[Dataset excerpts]

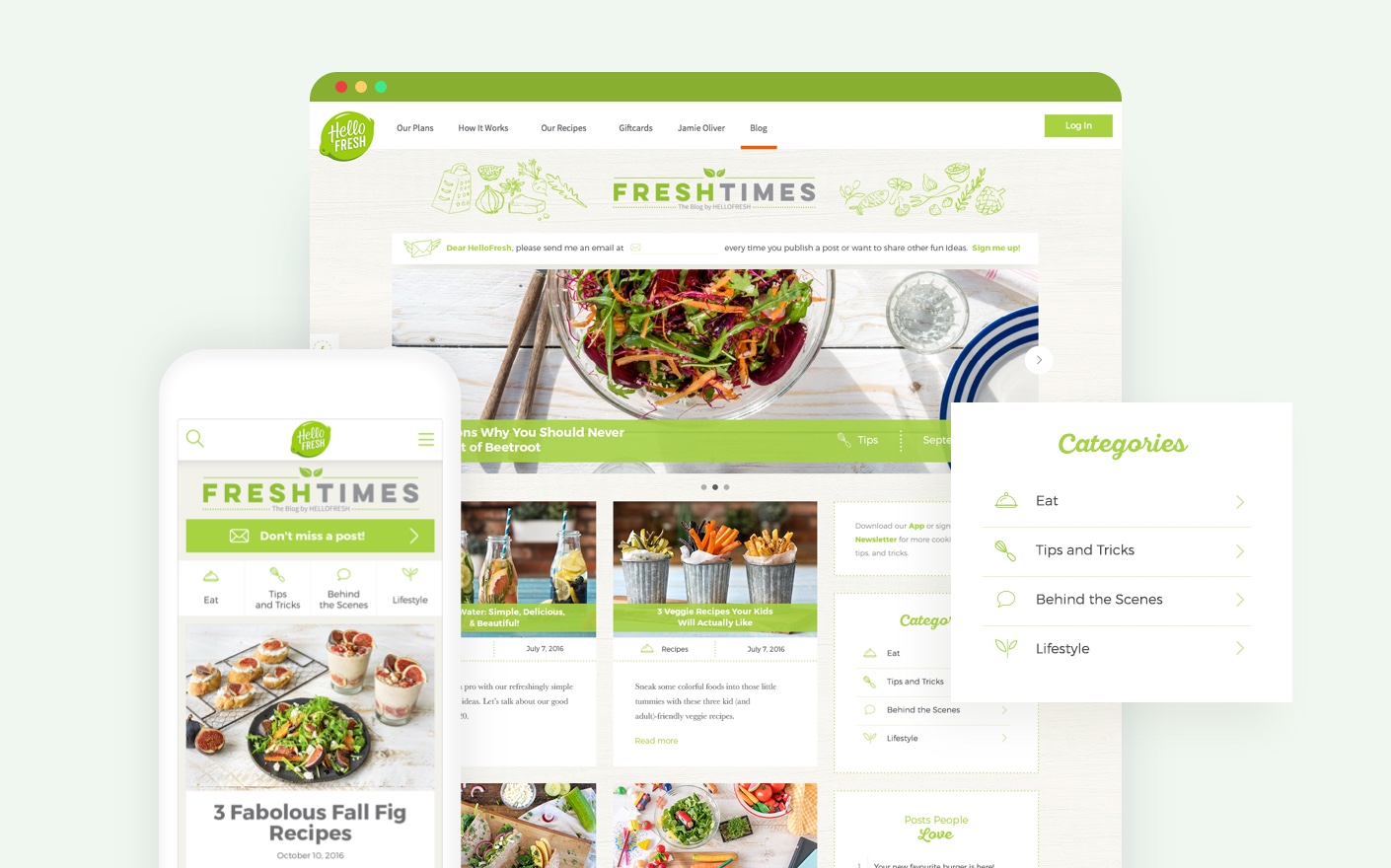 HelloFresh - meal delivery mobile app solution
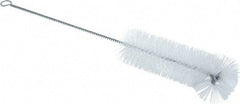 PRO-SOURCE - 1-3/8" Diam Nylon Tube Brush - 11" OAL, 4" Head Length, Wire Handle - Benchmark Tooling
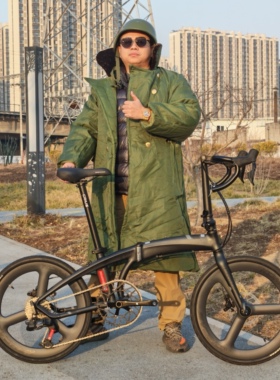 CRIUS柯瑞斯【电子变速】折叠车V11s【油碟刹车】康卡斯碳纤轮组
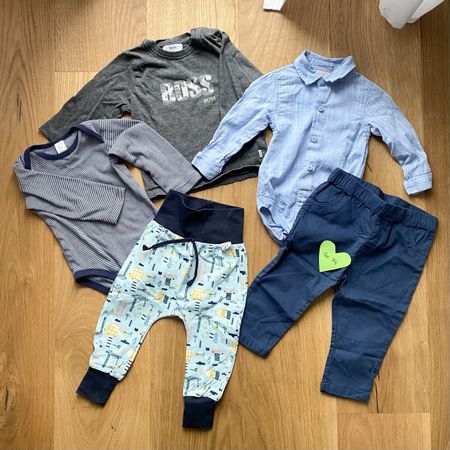 Baby Kleiderpaket Gr. 74, Hugo Boss, Body, Hosen, Top!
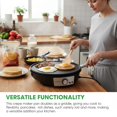 thumbnail image 4 of nutrichef Electric Crepe Maker Pan & Griddle, 12 Inch Nonstick Cooktop, LED Indicators & Adjustable Temperature Control, Includes Spatula, Batter Spr, 4 of 7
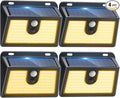 Solar Motion Sensor Outdoor Lights, Super Bright Solar Lights Outdoor Waterproof by Claoner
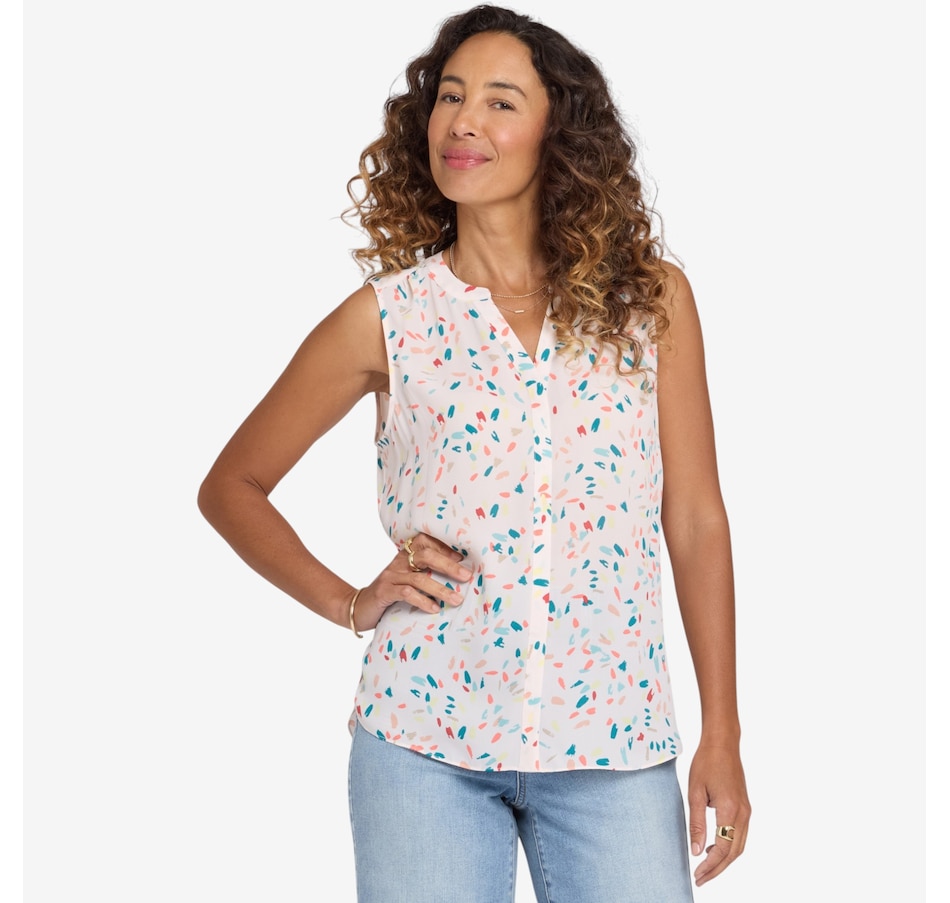 Image 122592_JLE.jpg, Product 122-592 / Price $109.00, NYDJ Sleeveless Pintuck Blouse from NYDJ on TSC.ca's Fashion department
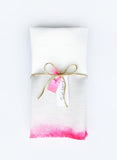 Hot Magenta Pink Ombre Linen Napkin Kirsty Gadd Textiles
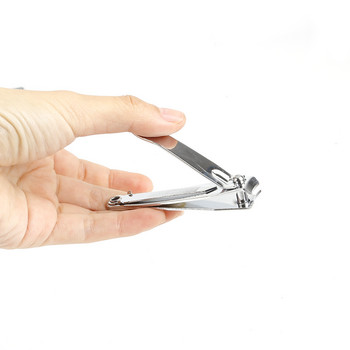 Машинка за подстригване на нокти от въглеродна неръждаема стомана с 4 размера Професионален тример за маникюр Висококачествена ножица за нокти на пръстите на краката с фиксатор на щипка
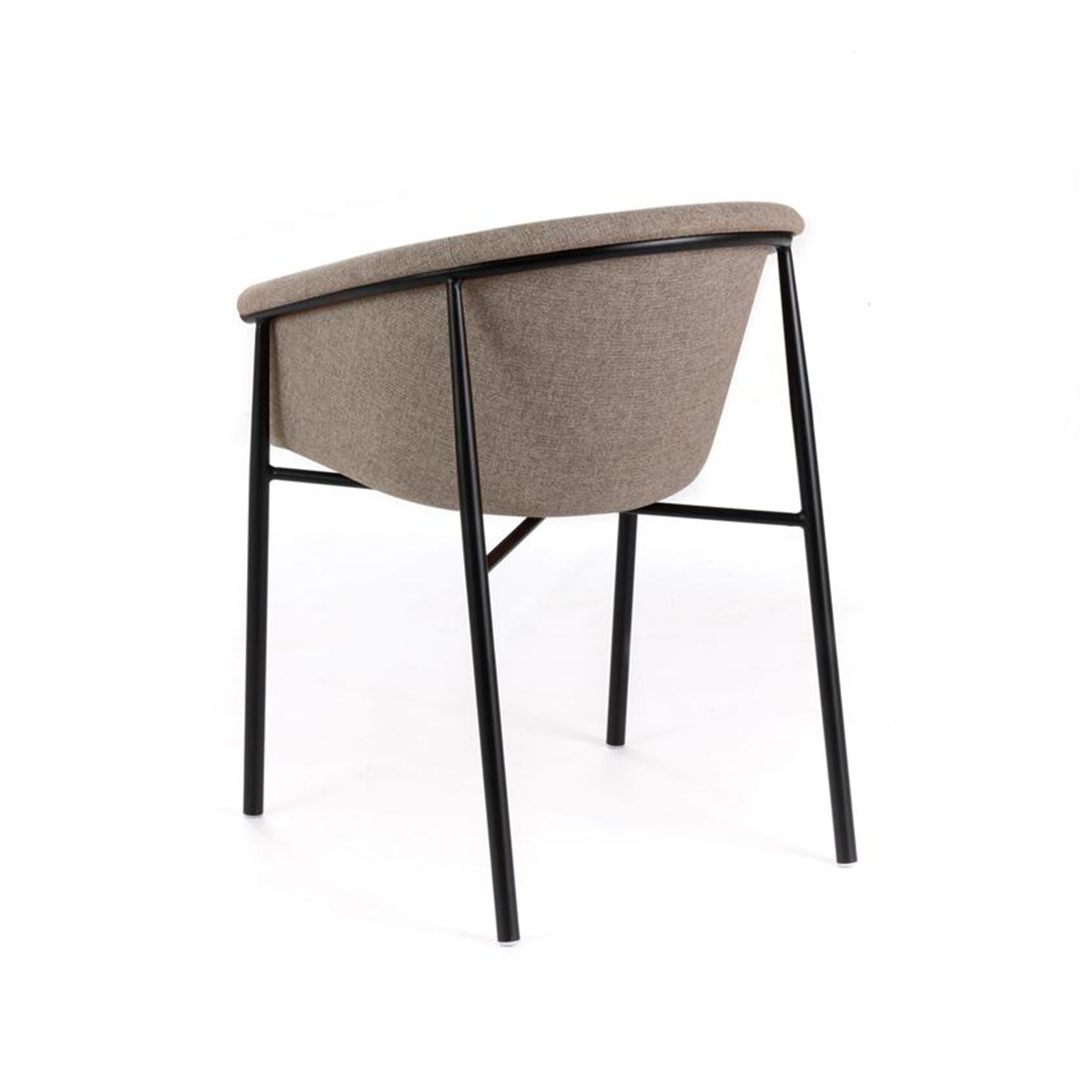 Set of elegant modern "Orchidea" fabric chairs with painted metal frame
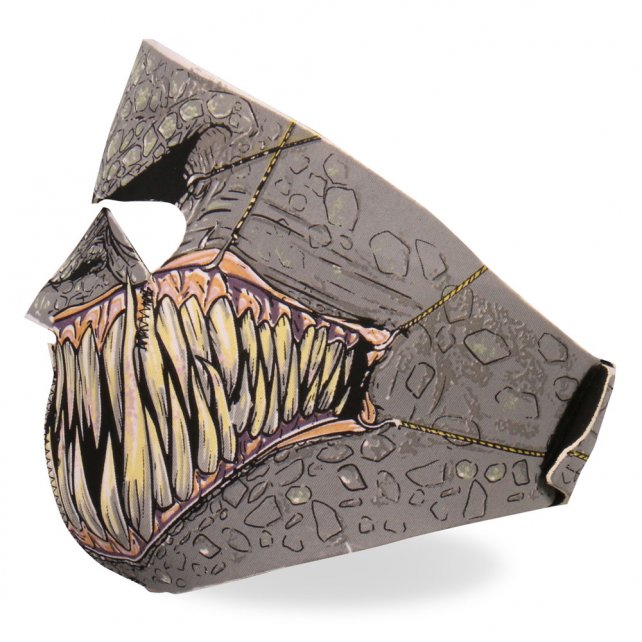 Hot Leathers Fang Face Neoprene Face Mask - Reptile Hooks & Fangs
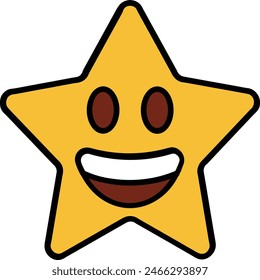star icon symbol vector image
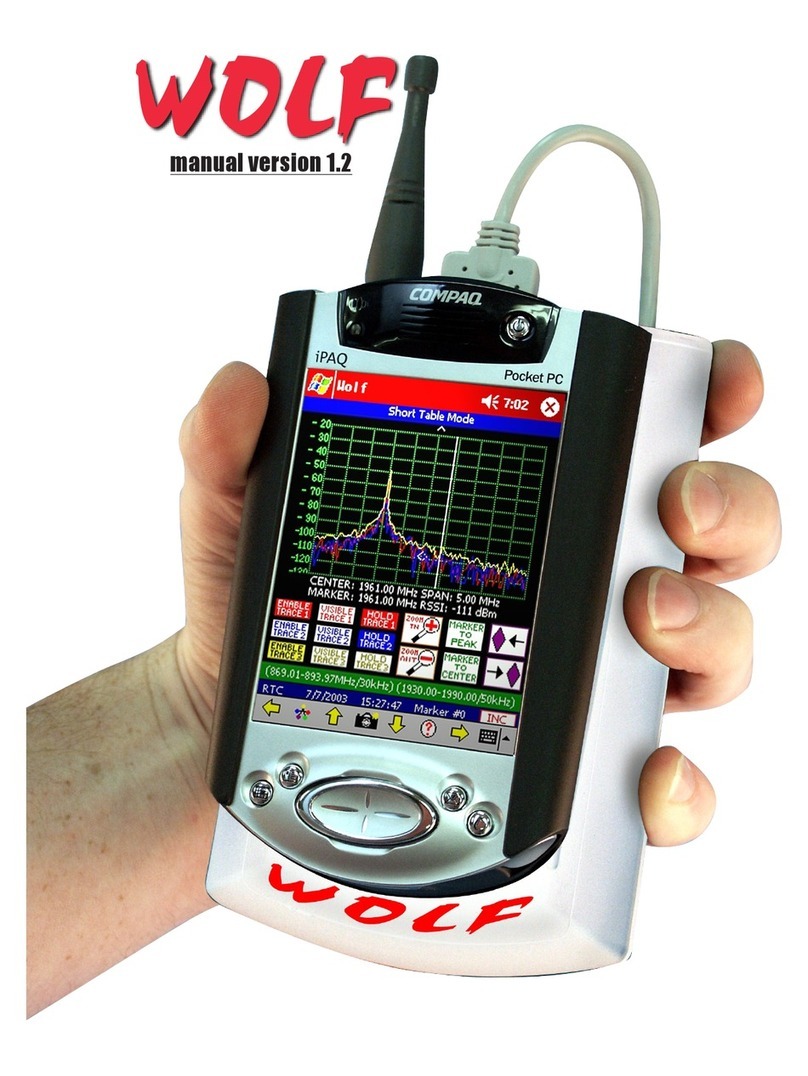 Berkeley Varitronics Systems Wireless Multi-band Signal Meter System Wolf User manual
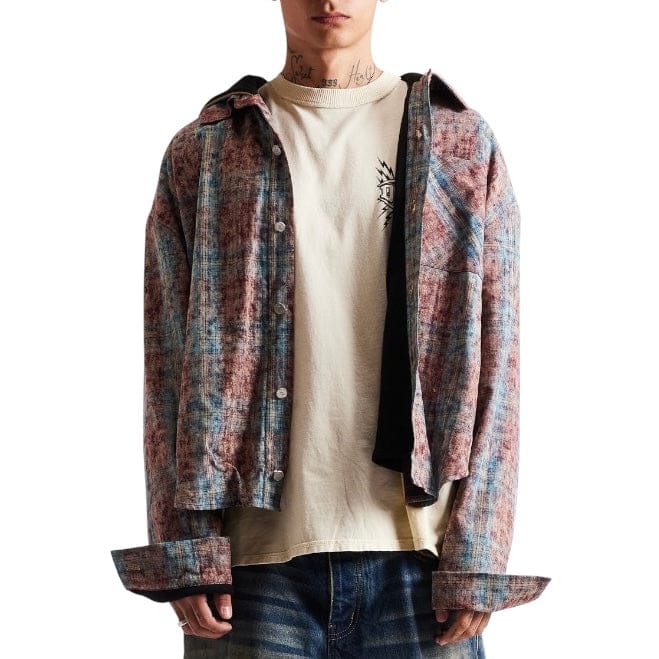 Diet Starts Monday Eagle Hooded Flannel (Acid Washed)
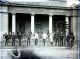 'Penny Farthing bicycles outside the Old Courthouse, Hunter St, Newcastle NSW on Sept 3rd 1892'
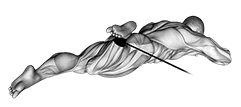Band Lying Hip External Rotation exercise demonstration for Hips, Band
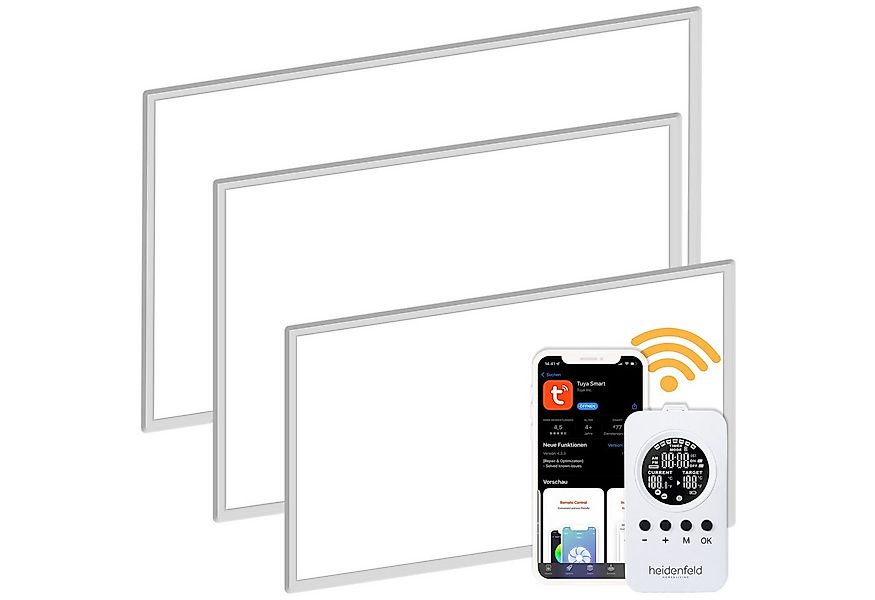 Heidenfeld Infrarotheizung 600 - 1200 W Wand Decke Elektroheizung HF-HP110 günstig online kaufen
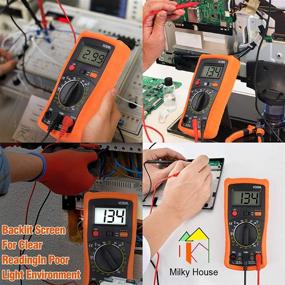 img 3 attached to 🔌 Compact Digital Multimeter Clamp Multimeters - Multi-Tester for Voltage, Current, Resistance, AC/DC, Diode Testing - Backlit LCD Display - Ideal for Home, Automotive, and Professional Electrical Measurements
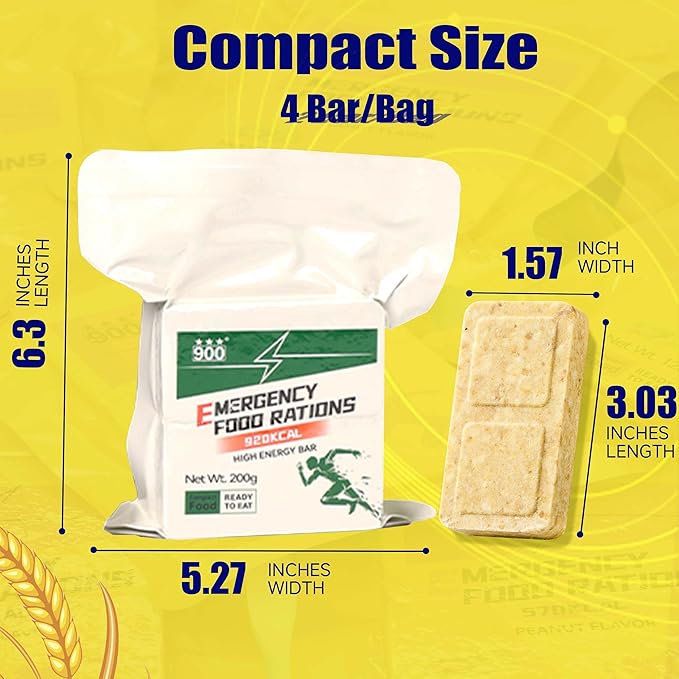 Emergency Food Supply - Original Flavor Hardtack, Mre Meals 2025, 9 Days Emergency Meals Survival Foods Bars, Emergency Supplies for Disaster Preparedness, Tin Box Pack, 20 Years Shelf Life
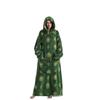 Oversized Wearale Blanket Hoodie Flannel Sherpa Fleece Warm Soft Winter Hoodie Sweatshirt for Adults Snuggle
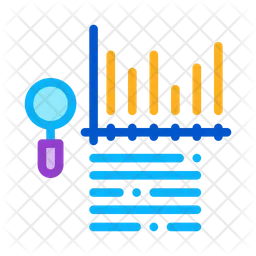 Study Bar Graph  Icon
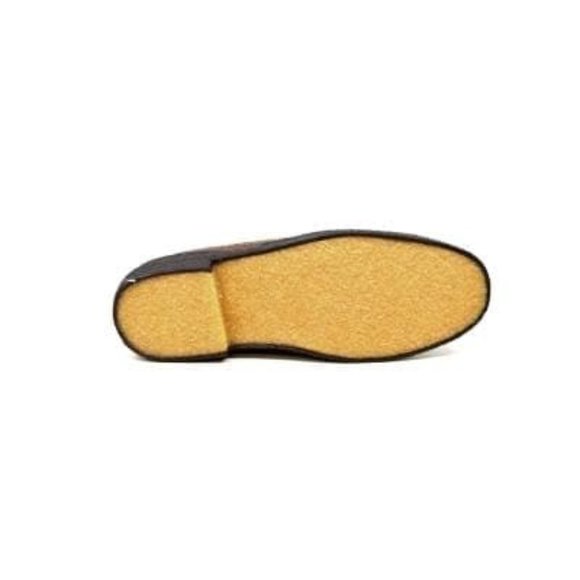 British Walkers Wingtip Men's 3 Tone Navy, Brown and Tan Leather Oxfords - Picture 4 of 8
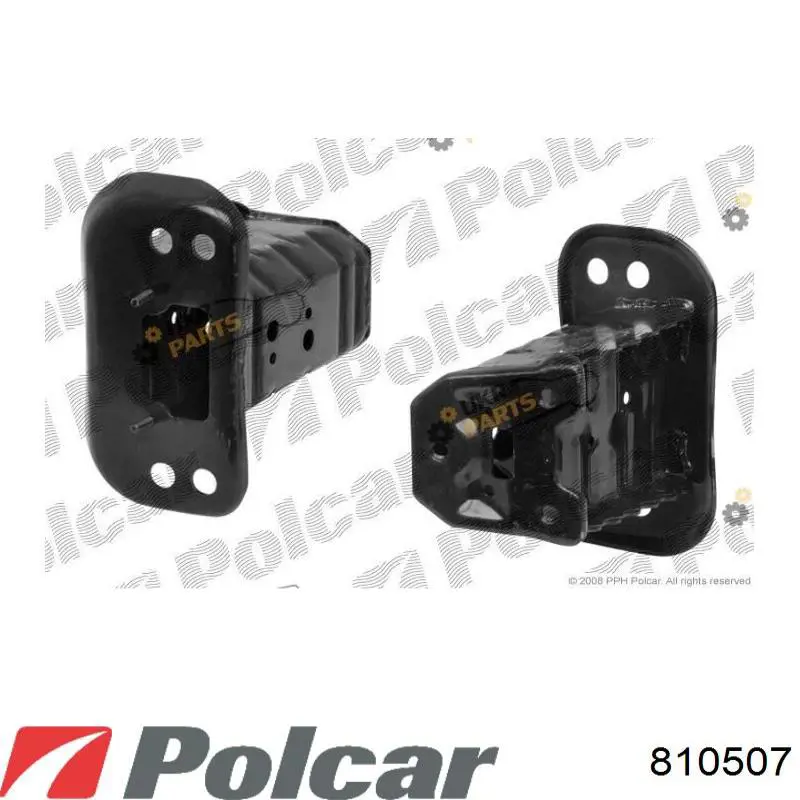 Передній бампер 810507 Polcar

| Task to carry out |
Pictures stay out. Print the lines of the records above exactly, from the first through the one with "Solar Motion Sensor".

| Written reply |
 HelloFresh - meal delivery mobile app solution
 PRO-SOURCE - 1-3/8" Diam Nylon Tube Brush - 11" OAL, 4" Head Length, Wire Handle - Benchmark Tooling
 CRIUS柯瑞斯【电子变速】折叠车V11s【油碟刹车】康卡斯碳纤轮组
 Baby Kleiderpaket Gr. 74, Hugo Boss, Body, Hosen, Top!
 thumbnail image 4 of nutrichef Electric Crepe Maker Pan & Griddle, 12 Inch Nonstick Cooktop, LED Indicators & Adjustable Temperature Control, Includes Spatula, Batter Spr, 4 of 7
 Solar Motion Sensor Outdoor Lights, Super Bright Solar Lights Outdoor Waterproof by Claoner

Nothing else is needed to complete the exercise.